The bizarre Memogate conspiracy drama that
has flared anew in Pakistan is yet another example
of the endemic dysfunctions between the powerful
security establishment and their nominal civilian
masters that have lead the country throughout its
history to the brink of ruin.
But the
affair also demonstrates the long-running failure
of the
political class to
understand that, even in the throes of competitive
politics, it has a common interest - indeed a
fiduciary obligation - in upholding the principle
of civilian supremacy over the military. For
evidence of this proposition look no farther than
Nawaz Sharif, the leader of Pakistan's main
opposition party.
The unfolding saga
centers on an unsigned back channel note delivered
to US military authorities following the raid that
killed al-Qaeda leader Osama Bin Laden. The
document, whose authenticity is disputed, requests
US help in preempting a feared military coup
against Pakistan President Asif Ali Zardari. In
exchange, a host of enticing, albeit incredible,
concessions is offered, including installing a new
national security team in Islamabad filled with
pro-American officials as well as giving US forces
"carte blanche" to conduct operations on Pakistani
territory.
Suspicions over the note's
provenance have come to rest with Zardari, who is
seen by many in Pakistan as an American stooge,
and with Husain Haqqani, who Zardari selected as
his envoy in Washington even though he is
thoroughly distrusted by the military. Both men
deny involvement. But the ensuing controversy cost
Haqqani his job late last year. And now a Supreme
Court inquiry has concluded that he was indeed
behind the note, a finding that opens him up to
formal charges of high treason.
Throughout
all of this, Sharif has cynically stoked the
controversy in order to diminish his political
rival. It was he who petitioned the judicial
investigation in the first place. And he has now
been handed new ammunition to use against Zardari
in the run-up to general elections that may take
place as early as this fall.
At a time
when unilateral US drone attacks in the tribal
areas are viewed by many Pakistanis as an outrage
against the nation's honor, Nawaz and his younger
brother Shahbaz have charged Zardari with selling
out the country's sovereignty. Nawaz also has not
been above pandering to the generals in
Rawalpindi, announcing that his antagonisms with
them were a thing of the past and that they would
find in him a most suitable partner in the event
they grow tired of Zardari.
But the
brothers Sharif are trafficking in rank hypocrisy
given how they not so long ago committed the very
same acts for which they are now bludgeoning
Zardari. In 1999, during Nawaz's second stint as
prime minister, he was the target of considerable
criticism, including accusations of undermining
the army's honor and betraying the Kashmiri cause,
for cutting a desperate deal with president Bill
Clinton to end the Kargil War with India. Fearing
that the Pakistani army, under the leadership of
General Pervez Musharraf, was about to take its
revenge by overthrowing him, Nawaz urgently
dispatched Shahbaz to Washington to seek the
Clinton administration's intercession.
As
British journalist Owen Bennett-Jones relates in
his acclaimed book, Pakistan: Eye of the
Storm, Shahbaz pleaded that Washington had a
moral obligation to protect his brother given the
political risks he ran on Kargil. But Shahbaz also
padded his case by passing along Nawaz's offer to
take a harder line with the Taliban regime in
Afghanistan and help hunt down Bin Laden. The trip
had the desired effect, at least in the short
term, when US officials signaled their opposition
to "extra-constitutional actions" being taken
against Nawaz.
In the end, however, the
warning shot failed to avert a military take-over
and Nawaz was arrested, convicted on trumped-up
charges of hijacking, kidnapping and corruption,
and subsequently forced into eight years of exile
in Saudi Arabia. Given his vexatious history with
the army chieftains, one might expect him to have
a greater sense of solidarity regarding Zardari's
own travails with the military.
To be
sure, Nawaz is only following a well-worn script.
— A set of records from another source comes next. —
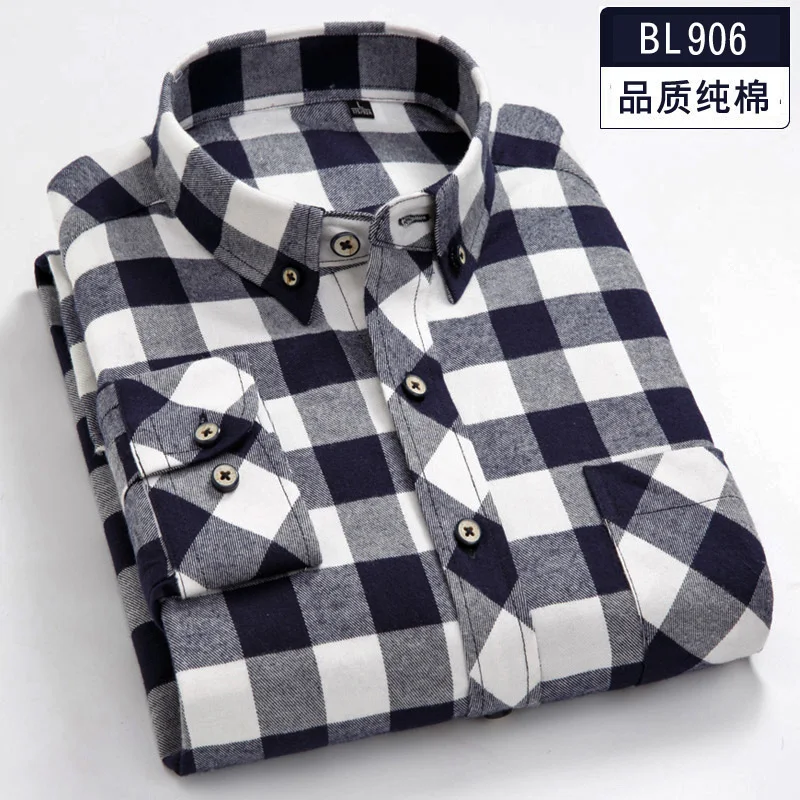 

Plus Size 5XL 6XL 7XL 8XL High Quality 100% Cotton Plaid Casual Formal Long Sleeve Shirt Men Top Sell Thick Middle-aged Clothing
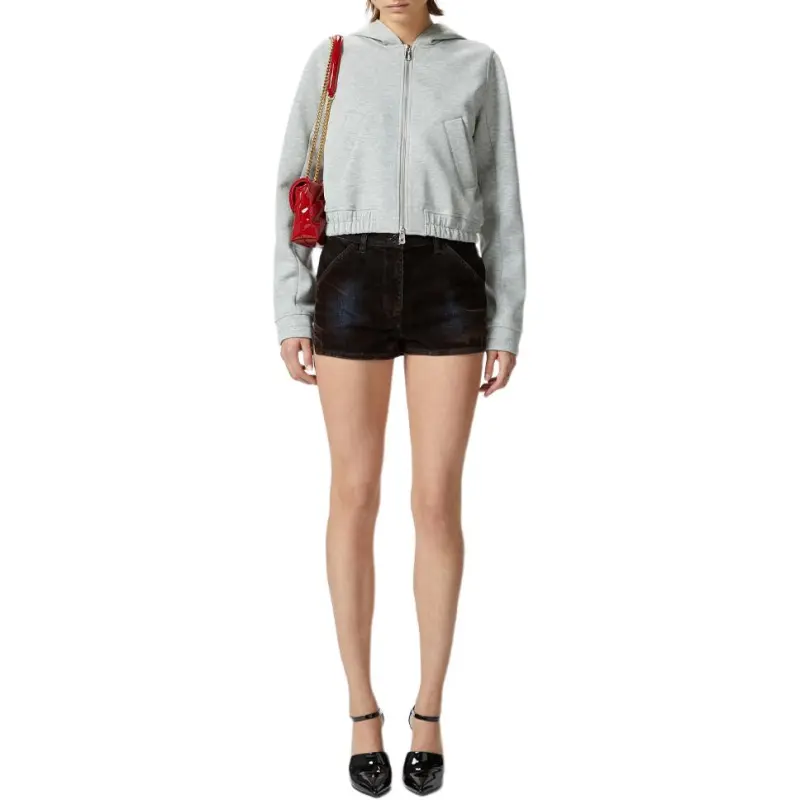 PINKO Cropped Jersey Hoodie-2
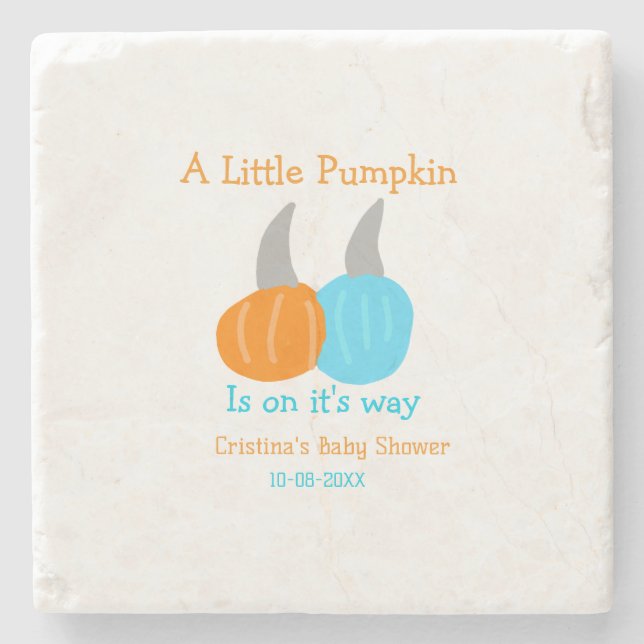 A little pumpkin is on it's way baby shower orange steinuntersetzer (Vorderseite)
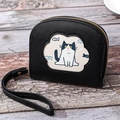 Cartera corta semicircular negra para mujer con diseño de gato y correa de muñeca - Negro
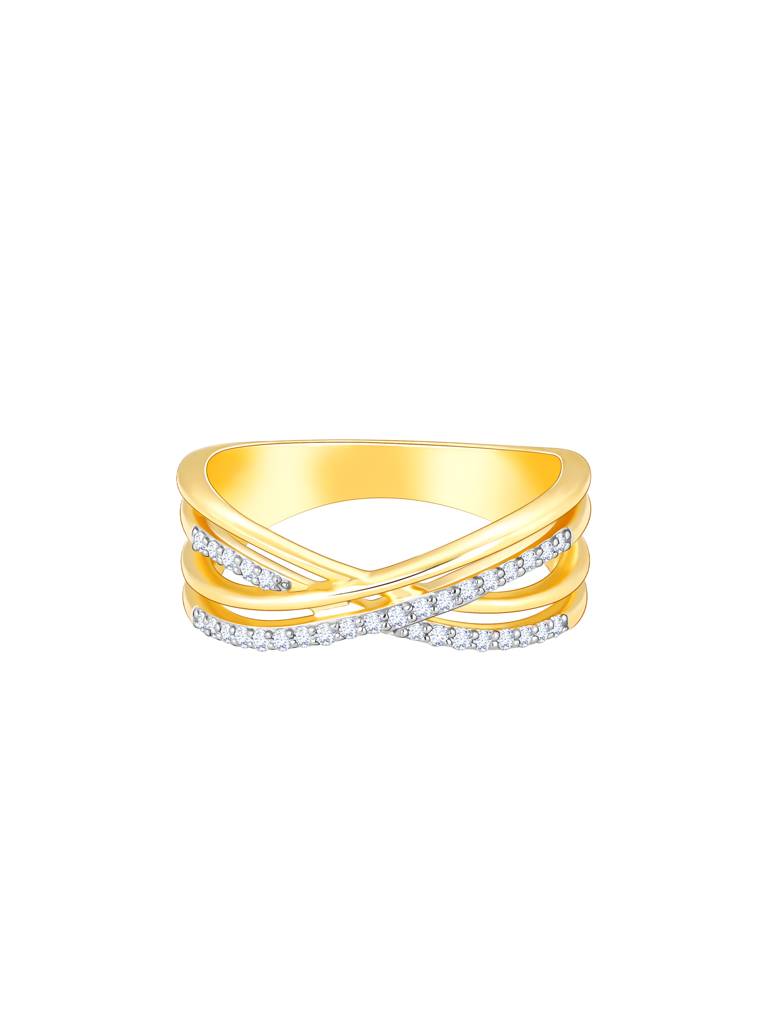 Giva 14K Yellow Gold Crossed Eternity Diamond Ring : GDLR077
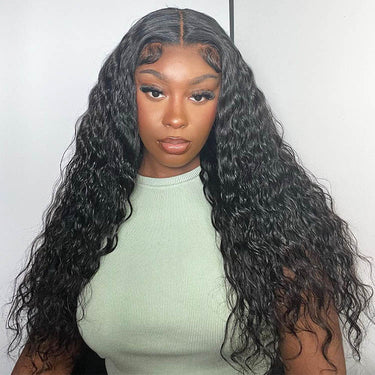Megalook 4x4 Lace Closure Wig 180% Density Human Hair Wigs Transparent lace Pre-Plucked With Baby Hair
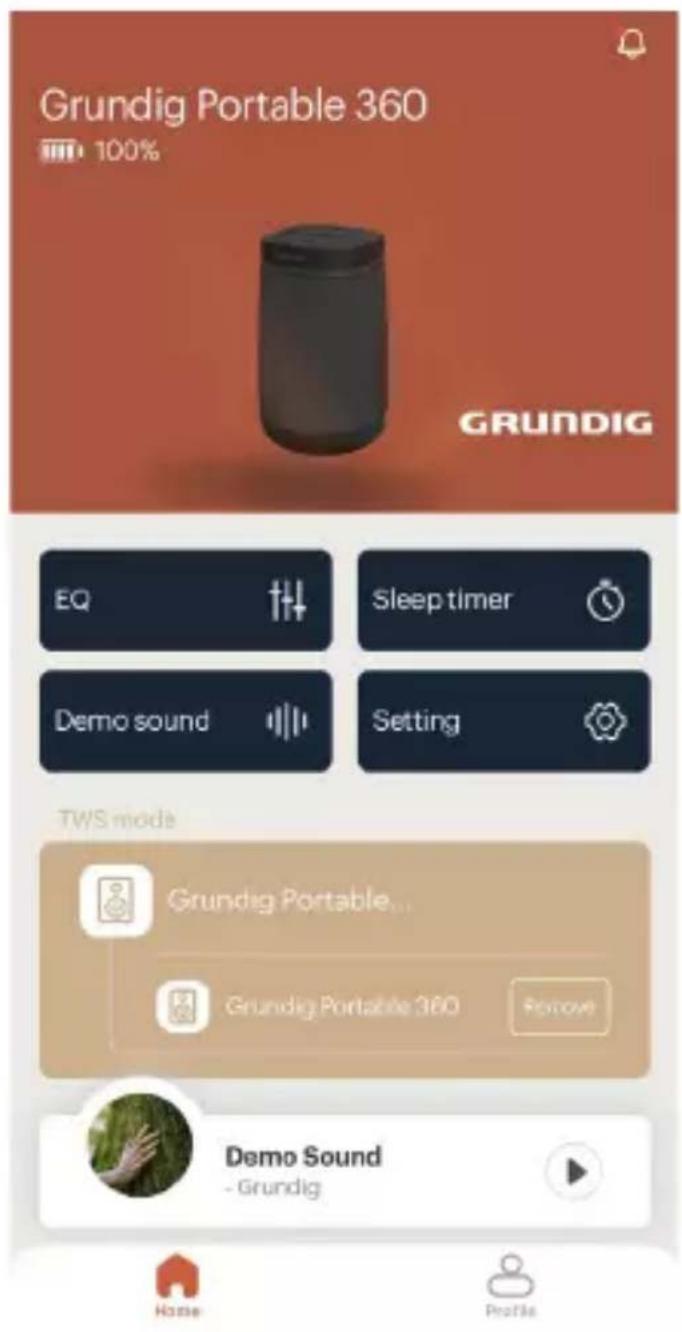 GRUNDIG Portable 360 - FONCTIONNEMENT DE L'APP - 1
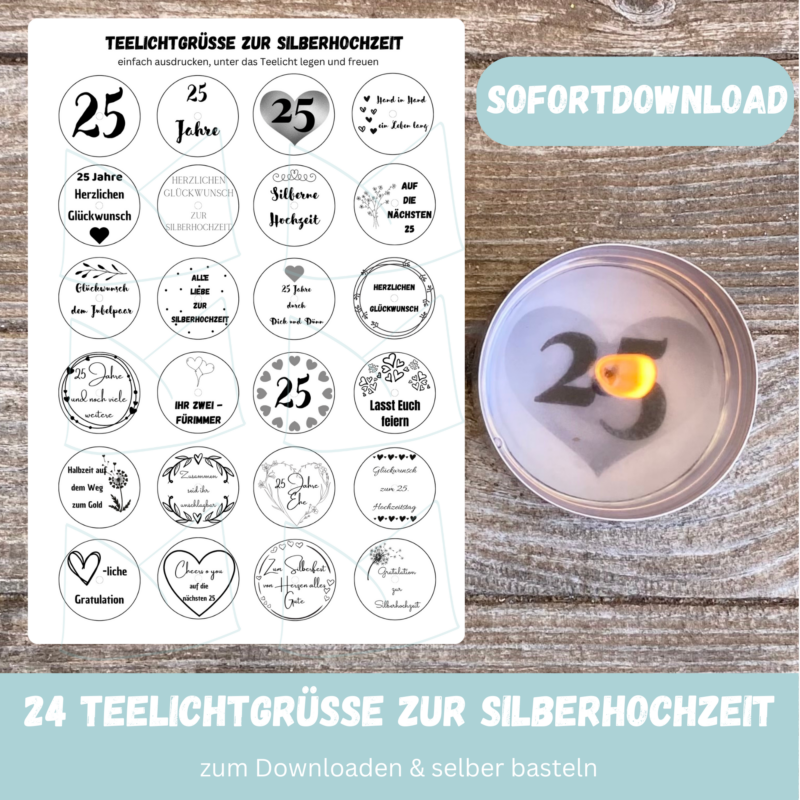 Teelicht mit Botschaft - Silberhochzeit, 25 Jahre verheiratet - Digitaler Download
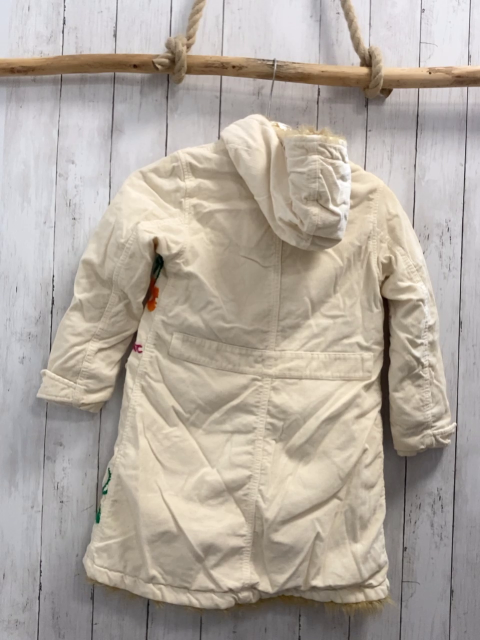 Nolita  Mantel  Gr. 128  creme Kord gestickte Blumen sand Teddyfutter 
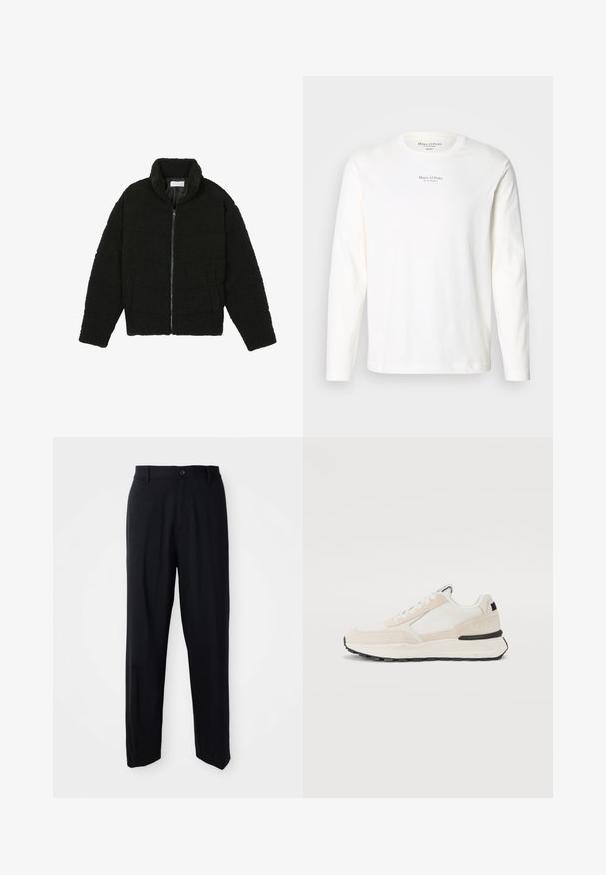 Zwarte faux fur jas met een hoge kraag, ritssluiting, elastische manchetten en een doorgestikt ontwerp. Beschikt over zijzakken en een zachte textuur.; Witte katoenen t-shirt met lange mouwen. Heeft een ronde hals en kleine zwarte logo-tekst in het midden op de borst. Zachte textuur, casual ontwerp.; Zwarte rechte broek met riemlussen, knoopsluiting en een strakke, minimalistische uitstraling op een neutrale achtergrond.; Witte en beige sneakers gemaakt van suede en mesh, met een gelaagd ontwerp, zwarte zool en subtiele branding op de hak.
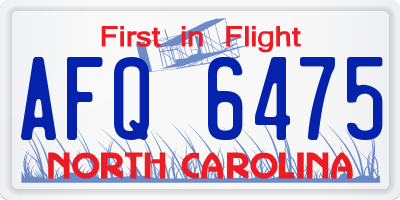 NC license plate AFQ6475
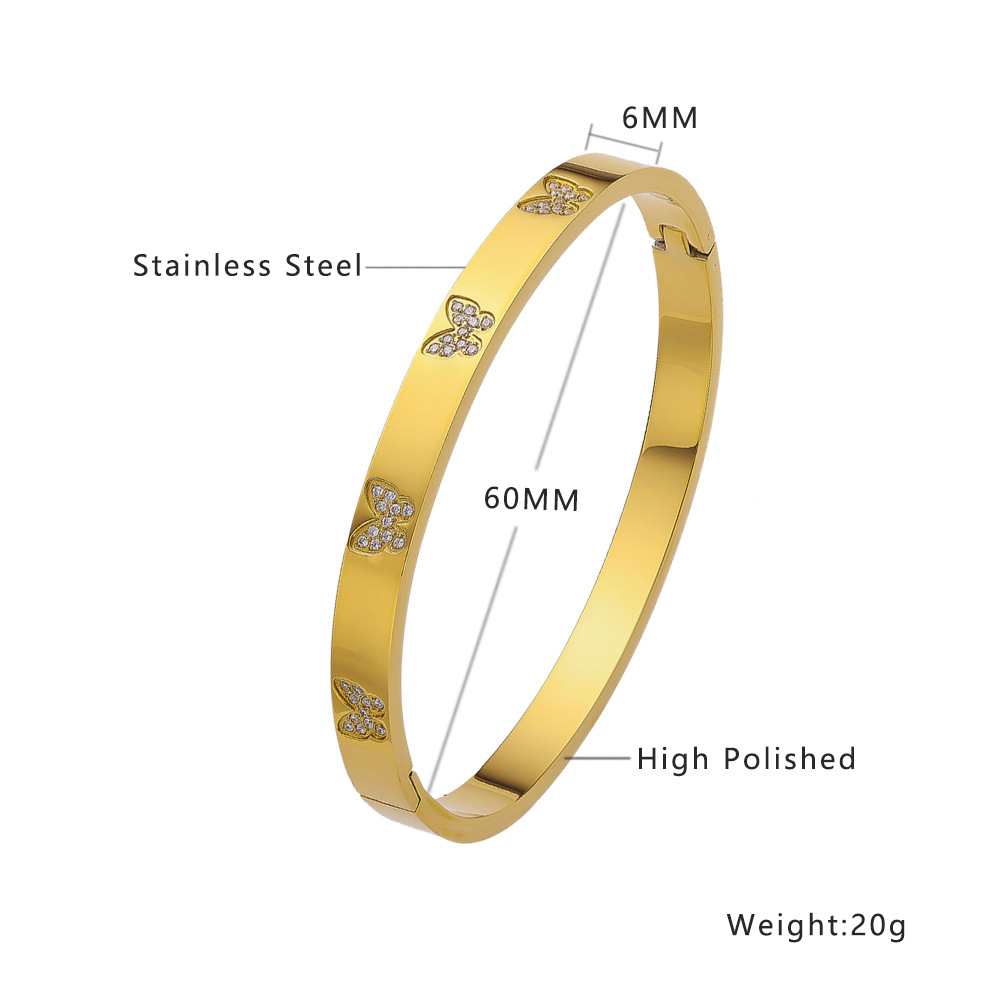 23g Weight Titanium Steel Pendant Material Bangle Classification Titanium Steel Chain Material 1 Piece Quantity Casual Occasion Titanium Steel Material Butterfly Pattern Women's Gender Butterfly Design Basic Style Basic Butterfly Titanium Steel Wholesale Bangle 无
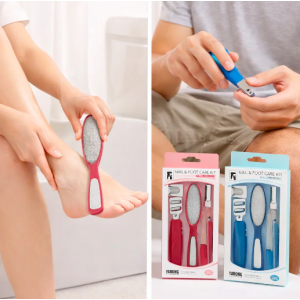 Set portátil para el cuidado profesional de los pies, ideal para hombres y mujeres. Incluye lima reutilizable, raspador y herramientas de limpieza. Perfecto para eliminar durezas, suavizar la piel. Por Mayoreo M15441-3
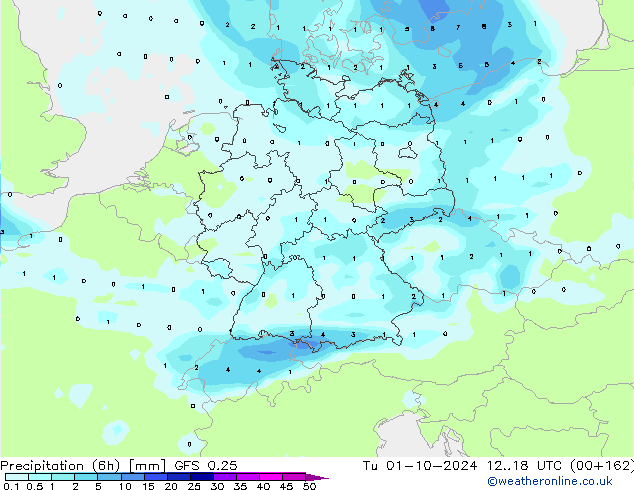 Z500/Rain (+SLP)/Z850 GFS 0.25 mar 01.10.2024 18 UTC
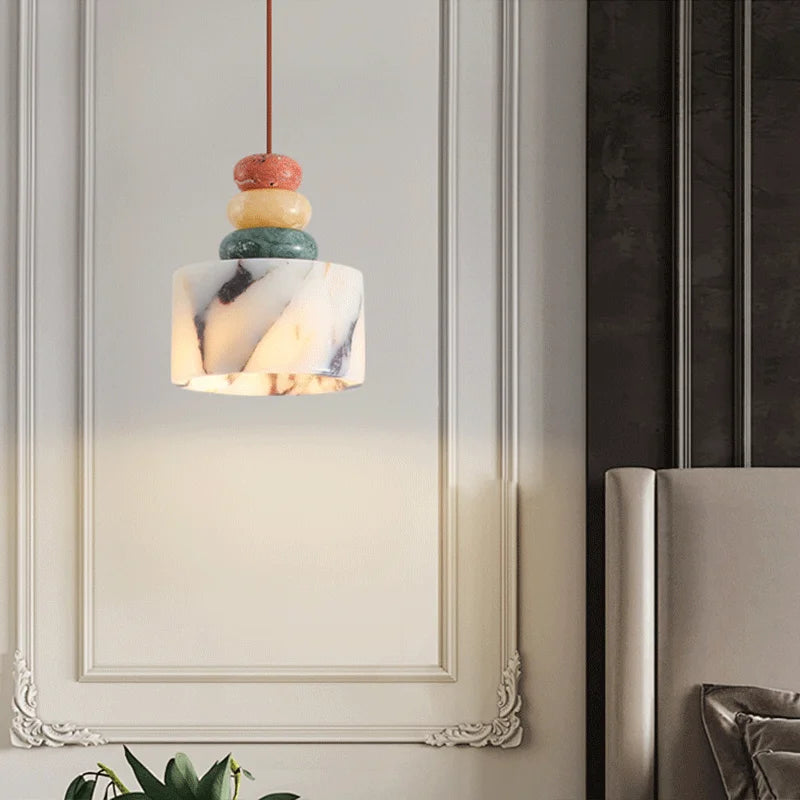 Stacked Stone Pendant Light - Marble and Onyx Geometric Pebble Hanging Lamp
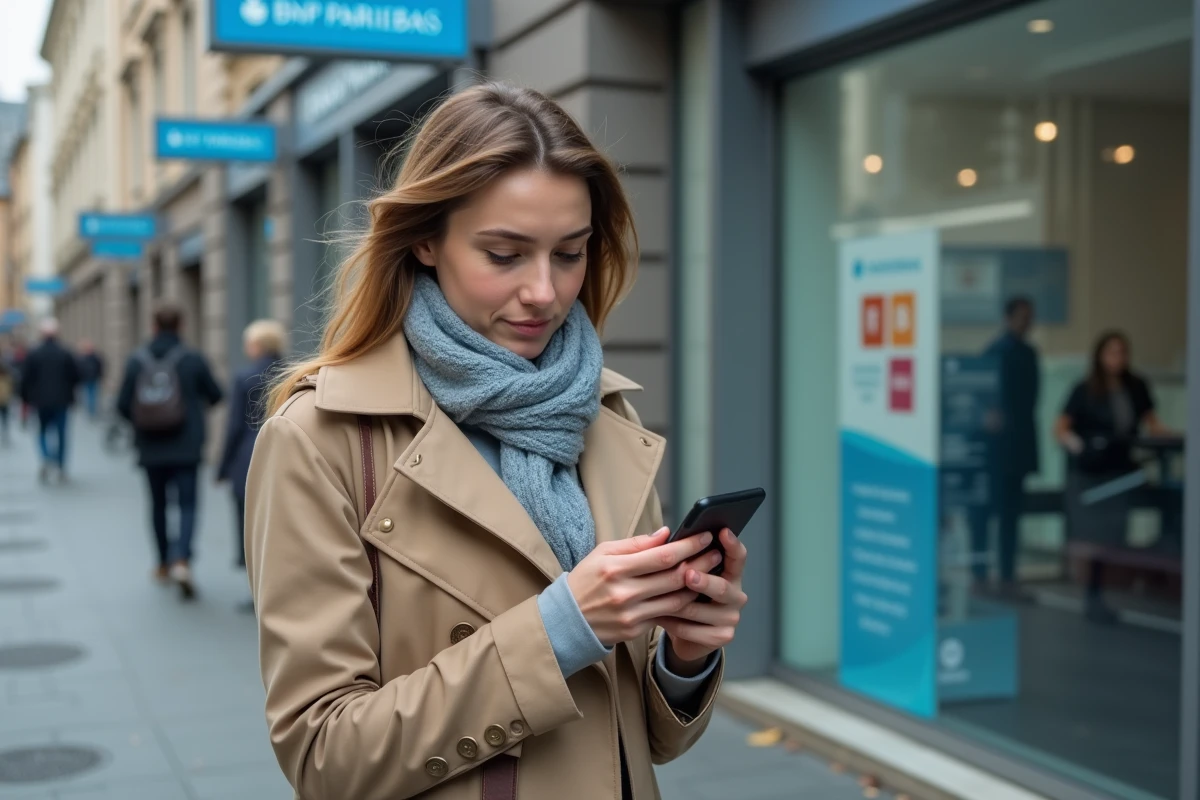 Jeune femme devant une agence BNP Paribas Alis consultant son téléphone pour trouver un contact en cas de blocage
Pakistani history is replete with examples of
opportunistic politicians who view the imbalance
in civil-military relations as something to be
exploited for tactical gain rather than rectified
for the nation's good. In an irony that ultimately
cost him his life, Zulfikar Ali Bhutto, the
founder of Zardari's political party, built up the
security establishment in order to suppress his
political opponents. As the military constantly
rotated them in and out of the prime minister's
office in 1990s, Benazir Bhutto and Nawaz took
turns celebrating the other's demise rather than
condemning the debasement of the Constitution. And
instead of uniting following last year's
Abbottabad raid to claw back decision-making
authority from a chastened military, many civilian
leaders instead equated patriotism with fealty to
the army.
The men in khaki deserve a good
measure of the blame for the deep morass that
Pakistan has fallen into. But as the Memogate
controversy illustrates, the political class is
all too willing to come along for the ride.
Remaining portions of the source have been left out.